◆ **HOW TO COMPLETE THIS TASK**: All pictures are to be omitted while the lines starting at the line with "Pode incluir: Vaso" and ending at the line with "Vintage Reclaimed Industrial" in the material below are retyped exactly, both ends included.

◆ **RECORDS FOR THE EXERCISE**:
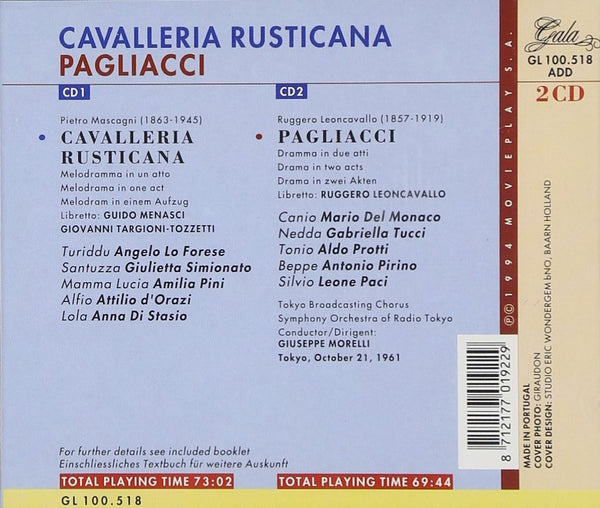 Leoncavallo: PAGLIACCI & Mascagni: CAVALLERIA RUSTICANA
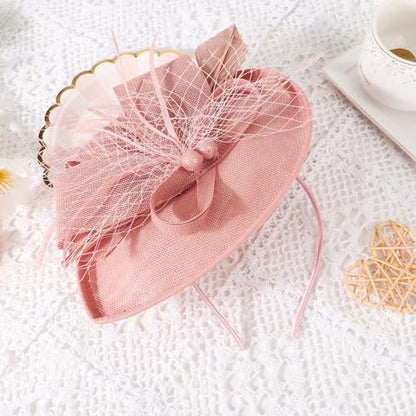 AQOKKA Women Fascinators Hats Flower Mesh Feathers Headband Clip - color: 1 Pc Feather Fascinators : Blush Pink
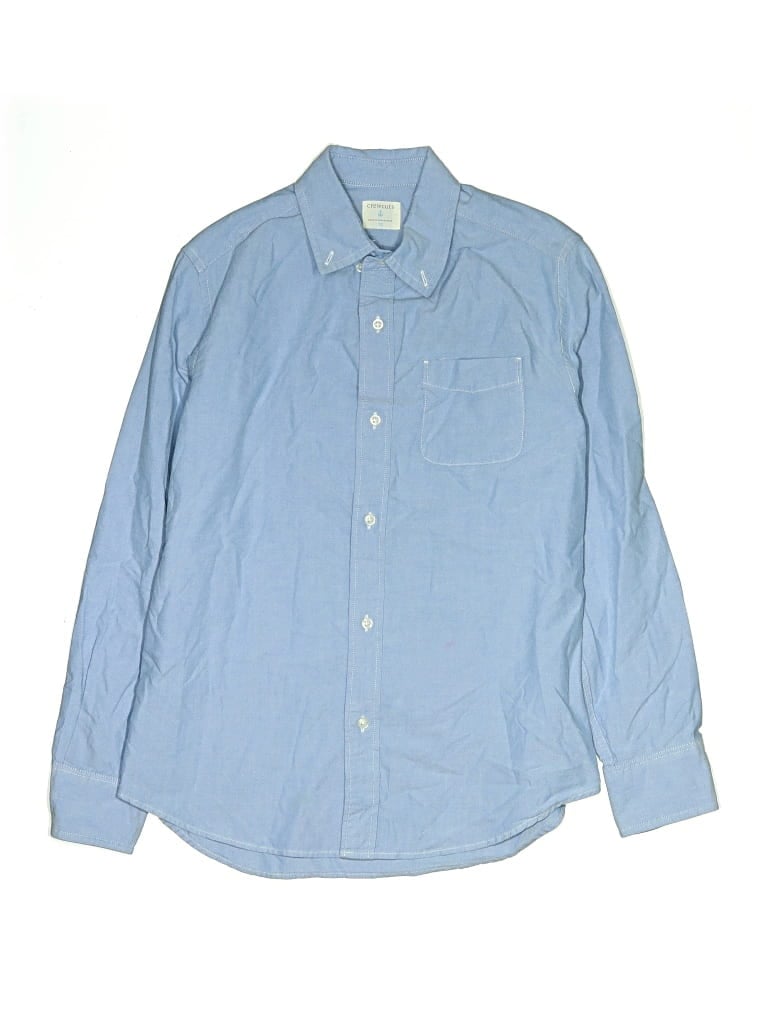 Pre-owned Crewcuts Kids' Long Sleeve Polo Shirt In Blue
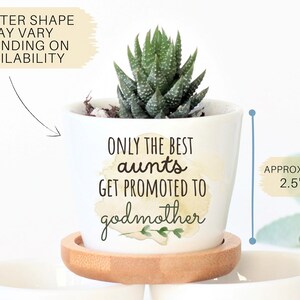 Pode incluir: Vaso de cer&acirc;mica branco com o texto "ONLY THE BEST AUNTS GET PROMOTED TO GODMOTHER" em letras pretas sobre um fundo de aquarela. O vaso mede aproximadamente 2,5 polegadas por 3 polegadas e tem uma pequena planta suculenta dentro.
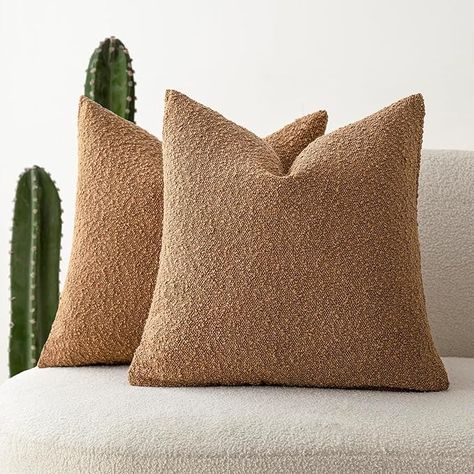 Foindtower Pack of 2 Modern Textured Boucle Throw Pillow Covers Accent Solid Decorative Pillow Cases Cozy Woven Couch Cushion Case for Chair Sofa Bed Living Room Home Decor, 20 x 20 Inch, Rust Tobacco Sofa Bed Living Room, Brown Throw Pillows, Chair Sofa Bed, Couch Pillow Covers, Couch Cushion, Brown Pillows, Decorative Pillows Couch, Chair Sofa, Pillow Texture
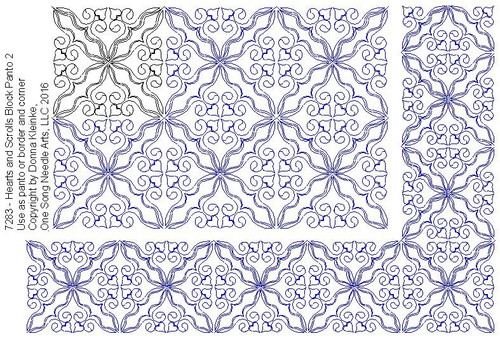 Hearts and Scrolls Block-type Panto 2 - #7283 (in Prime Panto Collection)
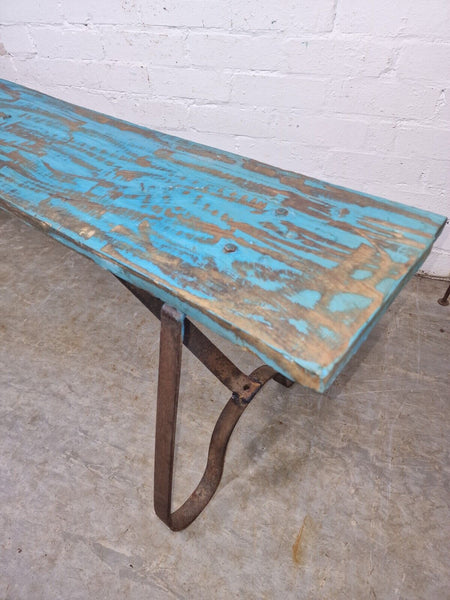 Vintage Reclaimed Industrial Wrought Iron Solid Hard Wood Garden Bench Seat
* * *
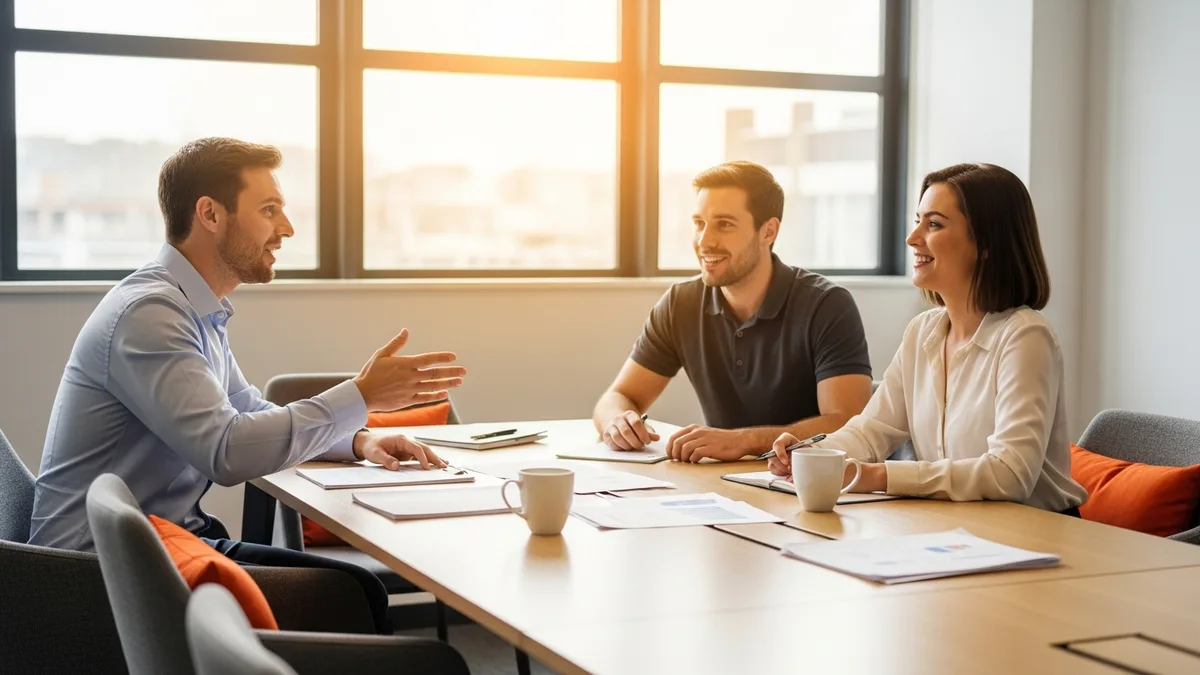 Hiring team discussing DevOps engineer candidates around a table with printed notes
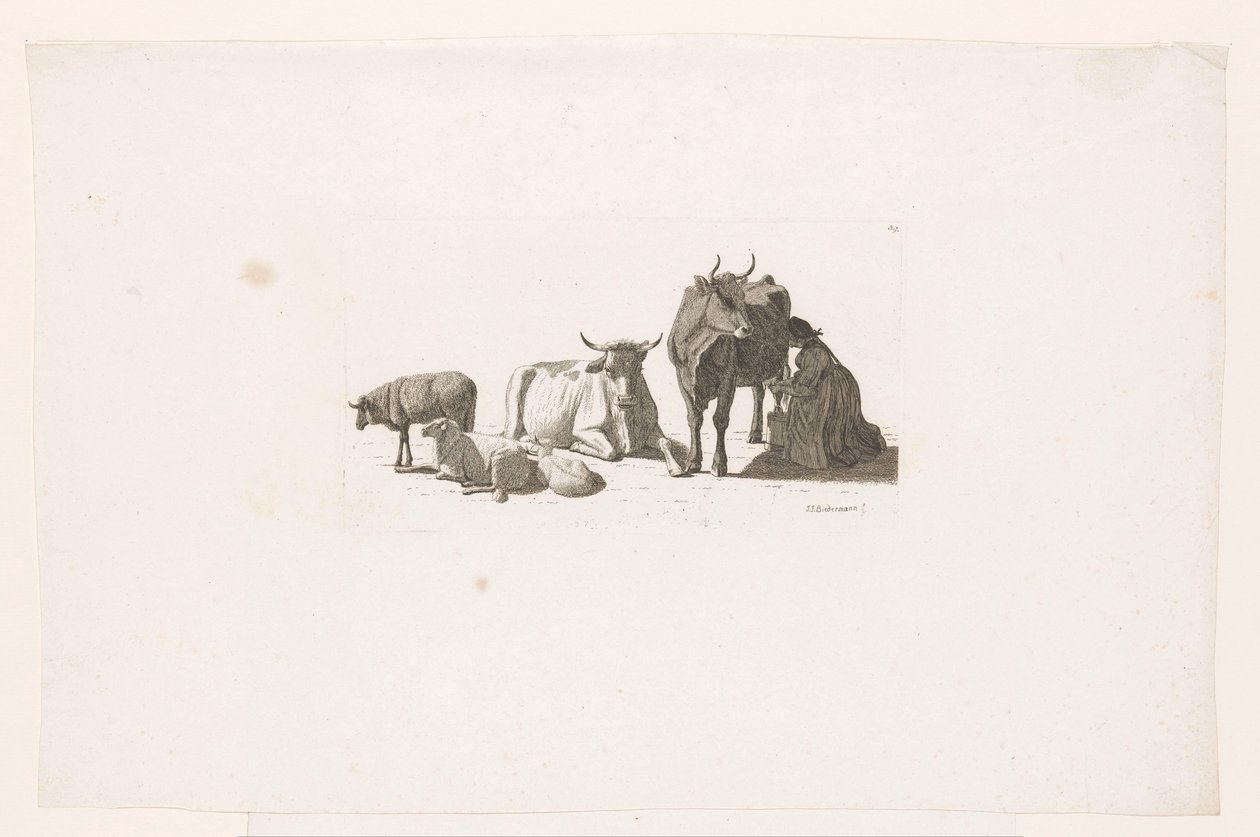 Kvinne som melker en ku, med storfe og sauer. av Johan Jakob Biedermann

◆ **FINAL ANSWER**:
 Pode incluir: Vaso de cer&acirc;mica branco com o texto "ONLY THE BEST AUNTS GET PROMOTED TO GODMOTHER" em letras pretas sobre um fundo de aquarela. O vaso mede aproximadamente 2,5 polegadas por 3 polegadas e tem uma pequena planta suculenta dentro.
 Foindtower Pack of 2 Modern Textured Boucle Throw Pillow Covers Accent Solid Decorative Pillow Cases Cozy Woven Couch Cushion Case for Chair Sofa Bed Living Room Home Decor, 20 x 20 Inch, Rust Tobacco Sofa Bed Living Room, Brown Throw Pillows, Chair Sofa Bed, Couch Pillow Covers, Couch Cushion, Brown Pillows, Decorative Pillows Couch, Chair Sofa, Pillow Texture
 Hearts and Scrolls Block-type Panto 2 - #7283 (in Prime Panto Collection)
 Vintage Reclaimed Industrial Wrought Iron Solid Hard Wood Garden Bench Seat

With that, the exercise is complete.